I think I preferred the subtlety of some of Austen’s later work, but there’s something to be said for the explicit humour of Northanger Abbey – her other works made me nod appreciatively, while this one made me literally lol. I suppose it depends what you’re in the mood for as to which side you come down on. Still, I found this a cracking good read, and any Austen fan worth their salt should give it a go.

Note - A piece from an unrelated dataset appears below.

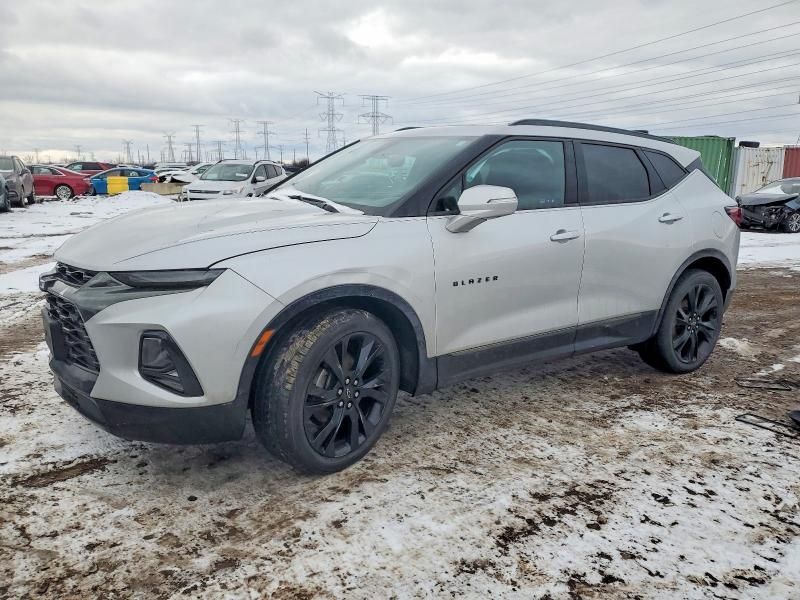 2019 Chevrolet Blazer rs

My favourite Amazon reviews of Northanger Abbey:

  • “I think she’s just freaking herself out.” – Molly Koeneman (she / her)
  • “Jane Austen is a very proficient writer indeed.” – revrich333
  • “This book was like purposefully watching a terrible documentary to help you fall asleep. Every time I picked this book up I fell asleep. This is not a book I would recommend unless you need sleep.” – Andrea
  • “Not really a book about a heroine. No heroine here just a girl that lucks up marrying the man she liked. Boring.” – KTWeed
  • “it was okay I guess, I liked the wishbone version better” – toyherb

4 Comments

  1. I think Northanger Abbey is Austen’s funniest work (and also most underrated). Glad you liked it too!

    • ShereeKUWTP

      August 6, 2021 at 8:15 PM

      It definitely made me lol, more so than any of the others I’ve read – and I’d agree that it’s underrated! ❤️

  2. Brilliant write up! Perhaps this novel doesn’t really get the general love it deserves, because as a character study, it’s great 🙂 I love how the main characters are essentially normal folk rather than the typical heroes and heroines of their era. I’m sure I was a bit of a late 20th century version of Catherine in my teens. The Thorpes are just fantastically bad. I can imagine John doing just what you said, haha! And Isabella was such a piece of work. James had a narrow escape for sure. It’s the perfect Austen for light relief but still has a lot of her depth for those who care to probe. I’m glad you enjoyed it too.

    • ShereeKUWTP

      August 6, 2021 at 8:13 PM

      YES, fantastically bad is the BEST way to describe the Thorpes! I loved hating them. It’s a testament to Austen’s skill and insight that they’re so thoroughly believable as characters, centuries later. We all know a “John Thorpe”, maybe even an Isabella, don’t we? 😅 Cheers, Paula! Hope your studies are going well!